Fonte: CM por indicação de Livresco

domingo, 14 de agosto de 2016

Nas escolas, a matemática é a dos manuais escolares

Hung-Hsi Wu é professor emérito da Universidade da Califórnia em Berkeley. Numa conversa com o matemático português Jorge Buescu, diz que o essencial no ensino da matemática é melhorar os conhecimentos dos professores. É isso que tem feito nos EUA desde os anos 90.

Diz que a coisa mais importante que fez na vida foi começar a mudar a forma como é ensinada a matemática para professores. Dessa forma, considera Hung-Hsi Wu, a matemática pode chegar às crianças e aos jovens. “O essencial é melhorar o conhecimento matemático dos professores”, resume este matemático que tem uma carreira científica ligada à geometria diferencial e que a partir dos anos 90 virou as agulhas para o ensino da matemática nos níveis básico e secundário.Tem vários livros publicados sobre estas questões – o último, de 2016, Compreender os Números na Matemática Escolar – Álgebra, será editado em breve em Portugal. O matemático português Jorge Buescu, da Universidade de Lisboa e novo presidente da Sociedade Portuguesa de Matemática, autor de livros de divulgação científica como O Mistério do Bilhete de Identidade e Outras Histórias e Primos Gémeos, Triângulos Curvos (Gradiva), entrevistou Hung-Hsi Wu quando da sua passagem recente por Portugal. Esta é uma conversa de matemáticos sobre o ensino da matemática e o que pode ser feito para o melhorar.
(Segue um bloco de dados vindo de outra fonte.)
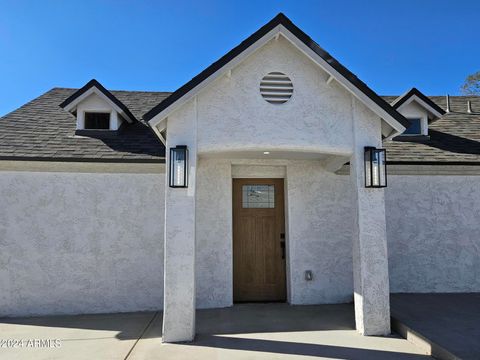 A home in Phoenix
O que leva um matemático de primeira linha a nível mundial a enveredar pelos caminhos do ensino da matemática a nível básico e secundário?
A principal razão é que gosto de me envolver com as pessoas. Sentia profundamente o sofrimento dos alunos devido ao mau ensino da matemática, e a certo ponto – por volta de 1998 – senti que era necessário arregaçar as mangas e agir. E sabia que estava numa posição para fazer algo pelo ensino da matemática que quase mais ninguém estaria.

E hoje em dia dedica-se a questões de ensino da matemática a tempo inteiro?
É um trabalho a tempo inteiro! Mas eu não sou um “educador” no sentido clássico do termo. Dedico-me de corpo e alma a melhorar o ensino da matemática naquilo que é mais crítico: construindo melhores programas, contribuindo para melhorar os manuais escolares e, acima de tudo, na tarefa que descobri ser a essencial: melhorar os conhecimentos matemáticos dos professores.

Qual desses fatores é o mais importante?
Não tenho quaisquer dúvidas: o essencial é melhorar o conhecimento matemático dos professores. Os professores dos Estados Unidos aprendem pedagogia, psicologia, etc. O que acho escandaloso é que, nos últimos cem anos, ninguém se tenha preocupado seriamente com a forma como os professores estão a aprender a matemática que mais tarde têm de ensinar. Quando dei por isto, fiquei incrédulo. Nem queria acreditar! Os especialistas em educação gostam muito de citar a obra pedagógica de Felix Klein [matemático do século XIX]. Mas a verdade dos factos é que nada do que ele escreveu tem relevância para o que os professores têm hoje de aprender para ensinar.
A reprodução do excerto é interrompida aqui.